2. Catalysts provide a new pathway with a lower activation energy for the reaction to take. The reaction can more easily occur, speeding up the reaction time.
Q25.27E
Approximately how old is a wooden object given that the object has a disintegration rate of 11.0 dis/minxg? It is given that the half-life of this particular wood is 5730 years.
S25.27E
Solve for k
\(\ce{[t1/2=\frac{ln2}{k}]}\)
\(\ce{[(5730)=\frac{0.6931}{k}]}\)
\(\ce{[k=1.21\times 10^{-4}]}\)
solve for t
\(\ce{[k=\frac{-1}{t}\times ln(\frac{Acurrent}{Ainitial})]}\)
\(\ce{[(1.21\times 10^{-4})=\frac{-1}{t}\times ln(\frac{11dis/min}{15dis/min})]}\)
\(\ce{[(1.21\times 10^{-4})=\frac{-1}{t}\times (-0.310155)]}\)

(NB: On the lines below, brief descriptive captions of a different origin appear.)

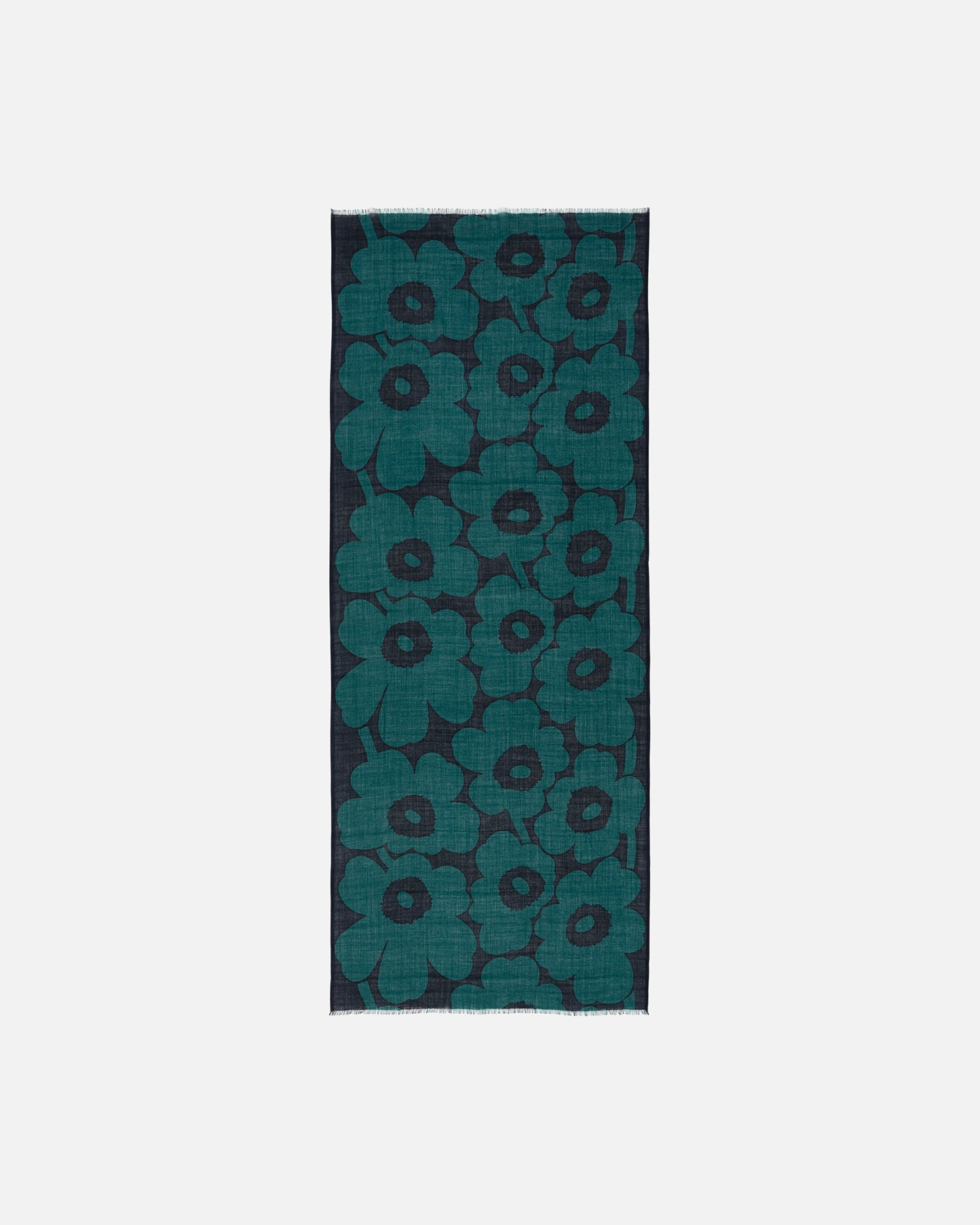 Fiore Unikko Scarf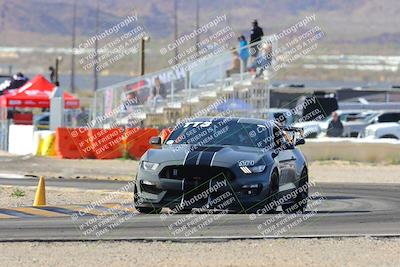 media/Feb-18-2023-Nasa (Sat) [[a425b651cb]]/Time Trial/Session 2 (Turn 2)/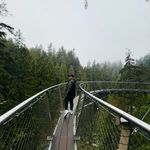 Alexander Araujo - @alexandder_a - Instagram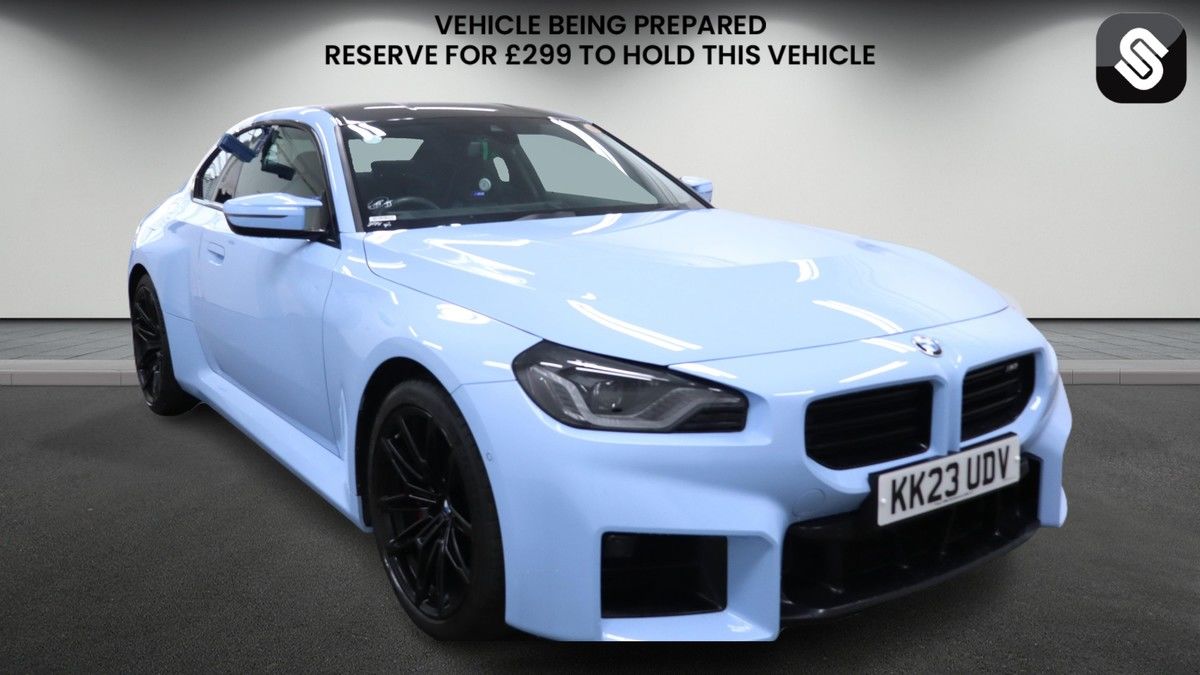 M2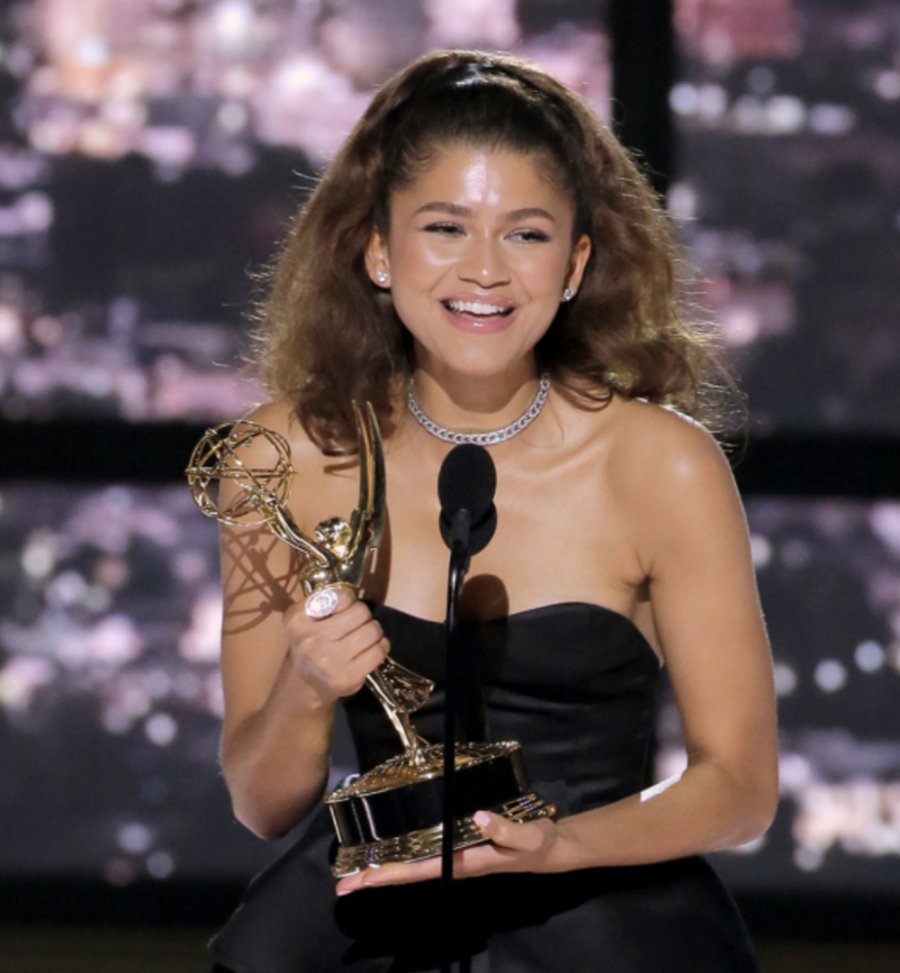 Emmy Awards 2022: Lista e plotë e fituesve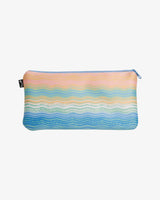 Billabong Sunrise Surf Small Pencil Case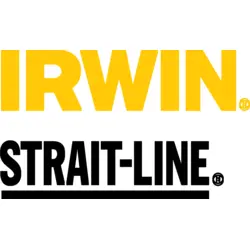 IRWIN STRAIT-LINE Logo PNG Vector logo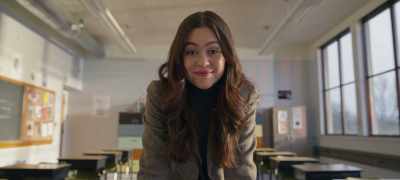 [scoffs] - Sex Appeal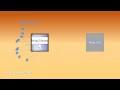 Drupal 8 SEO - What is 301 redirect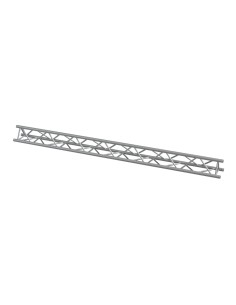 P33-L350 TRUSS TRIANGULAR 3,5M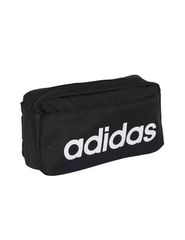 adidas Linear Bumbag JE8345-thumb-5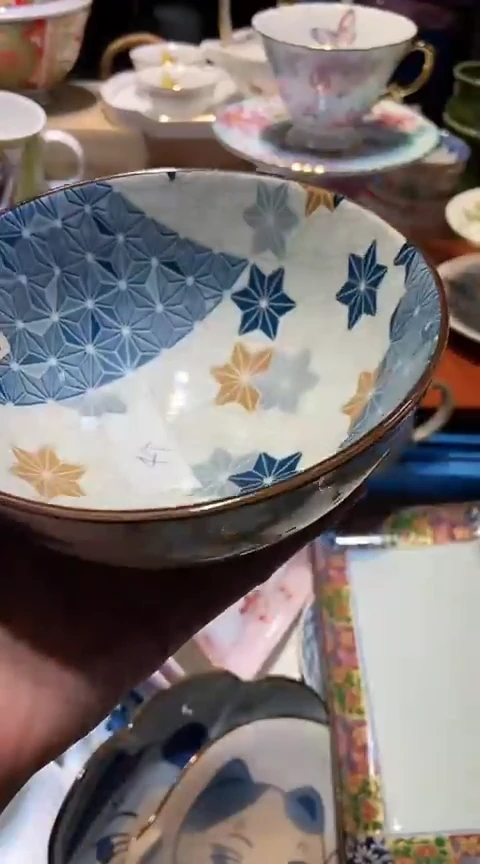 瓷片1111111111111@@1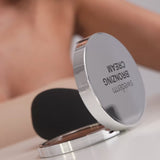 swederm Bronzing Cream Light - bronzer w kremie kolor jasny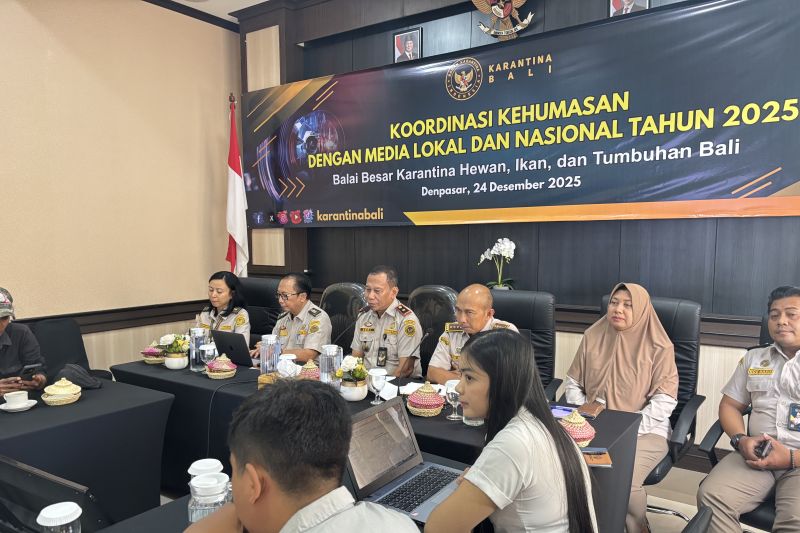 bbkhit-catat-ekspor-bali-tembus-rp4-triliun-januari-november-2025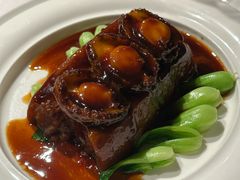 -人间采蜜(海信广场店)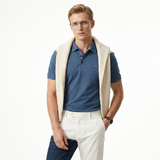 Calvin | Miesten Polo Paita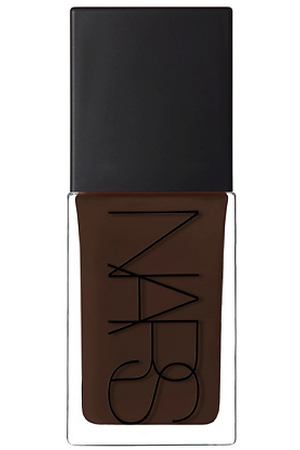 NARS Светоотражающее тональное средство Light Reflecting Foundation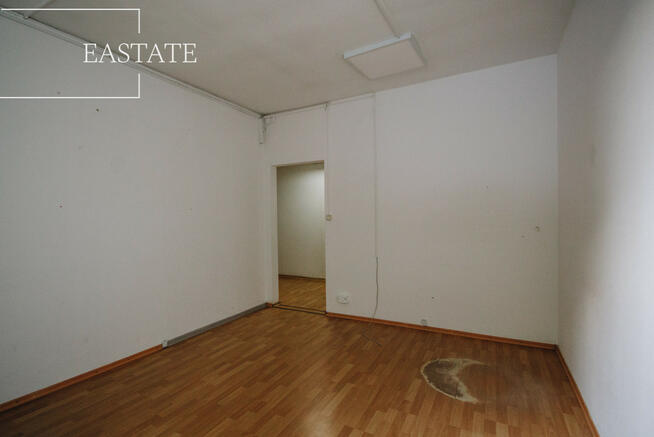 Lokal użytkowy Gdańsk Śródmieście, Na Stoku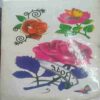 Freebies Stickers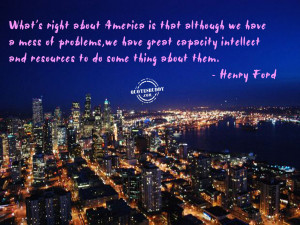 America Quotes Graphics, Pictures - Page 2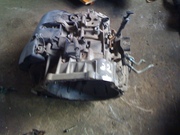 Разборка TOYOTA CAMRY в Киеве. Разборка LEXUS. Разборка Mitsubishi.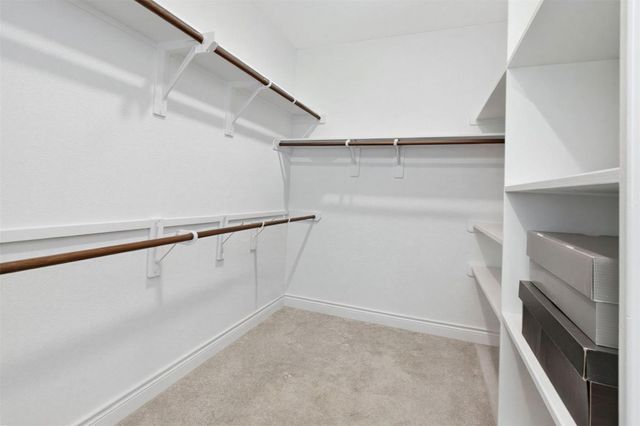 23426 Yaupon Hills Drive, New Caney, TX 77357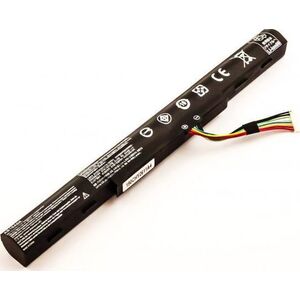 Bateria MicroBattery Laptop Battery for Acer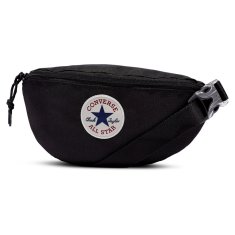 Converse Torbice 10019907A05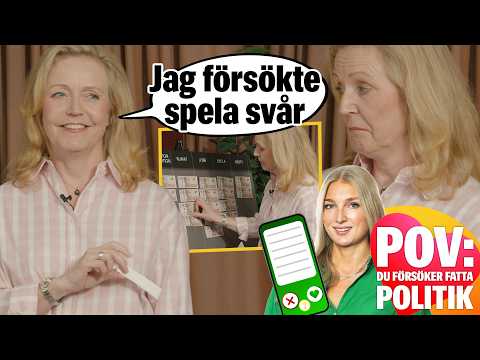 Halverade sin lön: ”Tyckte jag var konstig”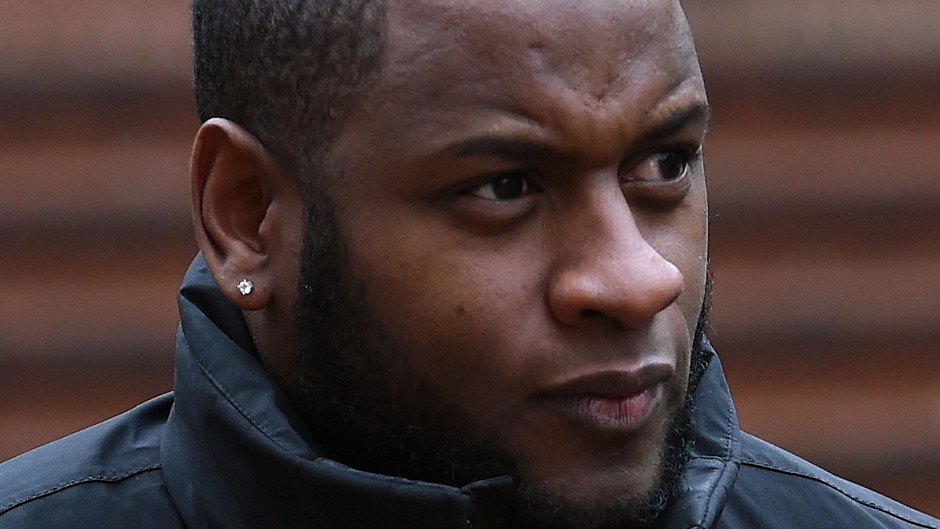Delroy Facey has been convicted of conspiring to bribe players in a match-fixing plot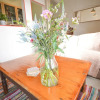 Отель Gloucester Road Studio Flat, фото 9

\(\ce{[t=2565.26 years old]}\)
This problem is solved using two equations for finding half life reactions. The first step of this solution is solving for the K constant using the equation: t(half life)=ln(2)/k. Once the value of k is known, it can be applied to another equation using the time as well as current and initial amounts of the substance: k=-1/t x ln(Acurrent/Ainitial). Solve for t by plugging in the rest of the known values.
Q21.1.2
Describe the differences between nonionizing and ionizing radiation in terms of the intensity of energy emitted and the effect each has on an atom or molecule after collision. Which nuclear decay reactions are more likely to produce ionizing radiation? nonionizing radiation?
S21.1.2
Ionizing: gives a substantial (and commonly dangerous) amount of energy/radiation, caused by unstable molecules, can take/"knock" electrons off other molecules it interacts with
associated with: gamma rays, alpha particles, beta particles
Non-ionizing: carries less energy, can only have effect on few certain molecules (ex: H2O) in order to remove electrons
associated with: X-rays, not associated with many nuclear decay reactions.
Q24.3.1
Write the name of the following complexes
- [CoCl3(NH3)3]
- [Co(ONO)3(NH3)3]
- [Fe(ox)2(H2O)2]-
- Ag2[HgI4]
S24.3.1
- triamminetrichlorocobalt(III)
- triamminetrinitrito-O-cobalt(III); or triamminetrinitritocobalt(III)
- diaquadioxalatoferrate(III) ion
- silver(I) tetraiodomercurate(II)
1. Put the ligands in alphabetical order
2. Know the root form of each ligand name
3. Put prefixes indicating amounts in front of each non-metal ligand (ex: tri)
4. End with the metal and its charge
specials: if the complex has an overall charge add the word ion to the end of the name, if there are two parts to the complex split the name into a cation and an anion.